Dayton Black

Profile
- Position: Offensive lineman

Personal information
- Born: December 13, 1999 (age 26) Brandon, Manitoba, Canada
- Listed height: 6 ft 5 in (1.96 m)
- Listed weight: 295 lb (134 kg)

Career information
- High school: Neelin (Brandon)
- University: Saskatchewan
- CFL draft: 2023: 1st round, 6th overall pick

Career history
- 2023–2024: Hamilton Tiger-Cats
- 2025: Ottawa Redblacks
- 2026*: Saskatchewan Roughriders
- Stats at CFL.ca

= Dayton Black =

Canadian gridiron football player (born 1999)

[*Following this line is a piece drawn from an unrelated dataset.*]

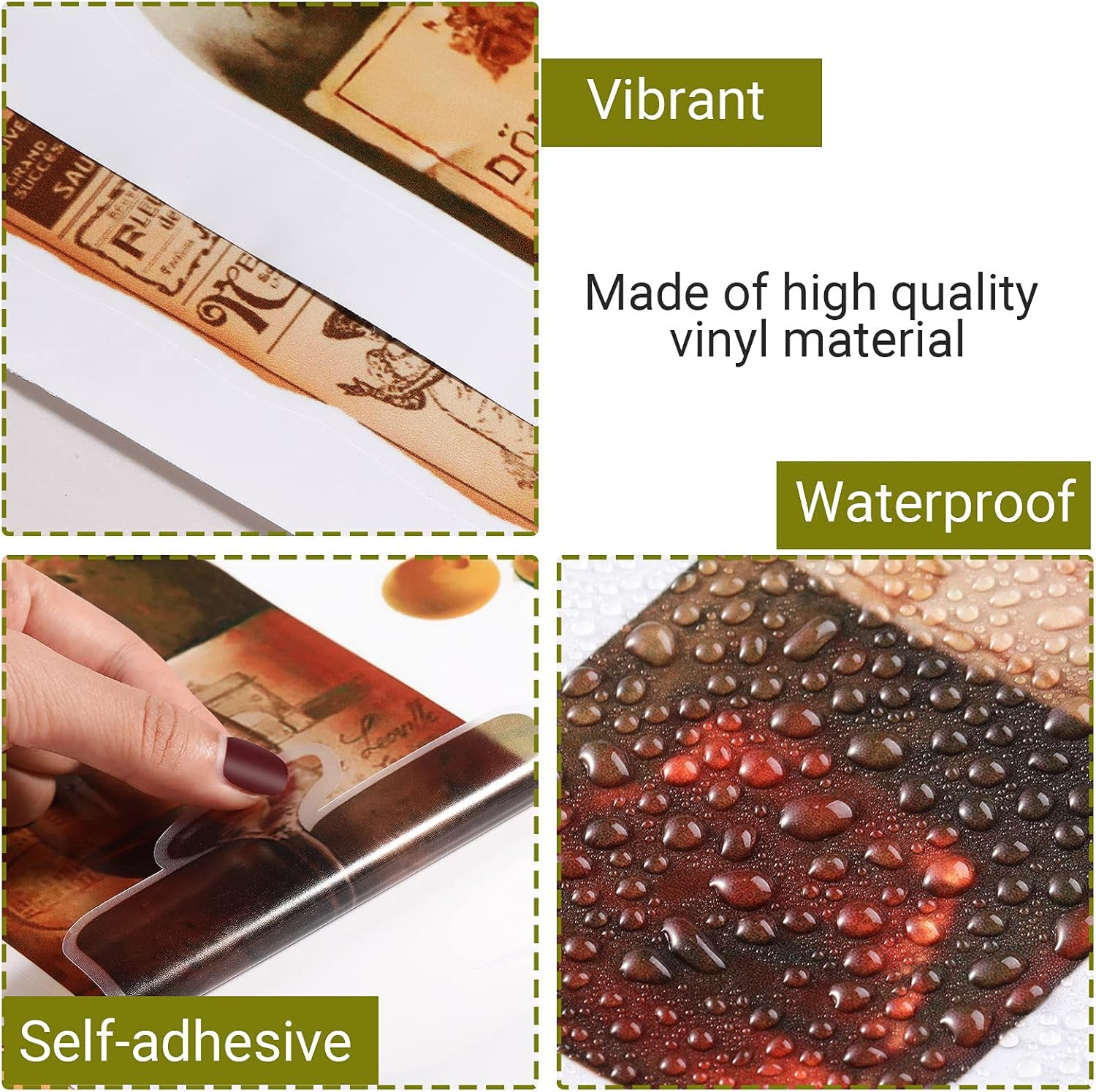 2 Sheets Wine Wall Decal Stickers Artwork Peel and Stick Wine Bottle Wall Glass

Dayton Black (born December 13, 1999) is a Canadian professional football offensive lineman.

==Early life==
Black played high school football at Neelin High School in Brandon, Manitoba as a quarterback. His senior year, he set Winnipeg High School Football League (WHSFL) single-season passing records in completions with 119, attempts with 219, and yards with 1,981. He also set single-game WHSFL passing records in completions with 26, attempts with 43 and yards with 493. Black played defense as well in high school, recording 23 tackles, two forced fumbles and one blocked kick his senior year. He grew up a Winnipeg Blue Bombers fan.

==University career==
Black played U Sports football for the Saskatchewan Huskies, spending his first season as a defensive lineman before switching to offensive tackle the following year. He was a Canada West All-Star in 2022. In college, he spent 16 days in the hospital and lost 35 pounds after a bacterial infection in his knee.

==Professional career==

Pre-draft measurables
| Height | Weight | 40-yard dash | 20-yard shuttle | Three-cone drill | Vertical jump | Broad jump |
| 6 ft 5+1⁄2 in (1.97 m) | 298 lb (135 kg) | 5.62 s | 4.91 s | 7.82 s | 27.5 in (0.70 m) | 8 ft 2 in (2.49 m) |
All values from CFL Combine

===Hamilton Tiger-Cats===
Black was selected by the Hamilton Tiger-Cats of the Canadian Football League (CFL) in the first round, with the sixth overall pick, of the 2023 CFL draft. He signed with the team on May 8, 2023. He was placed on injured reserve on June 8 and activated from injured reserve on June 17, 2023. Black dressed in 17 games, starting one, for the Tiger-Cats in 2023. He began the 2024 season on the injured list before moving to the practice roster in September and then being released on October 15, 2025. He re-signed with the Tiger-Cats on November 21, 2024, but was released part way through 2025 training camp on May 14, 2025.

===Ottawa Redblacks===
On June 9, 2025, it was announced that Black had signed with the Ottawa Redblacks. He dressed in five games for the Redblacks before being demoted to the practice roster on July 16 and released on August 2, 2025.

=== Saskatchewan Roughriders ===
Following the 2025 season, Black signed with the Saskatchewan Roughriders on December 17, 2025, taking him back to the same province where he played university football. He was released on May 13, 2026.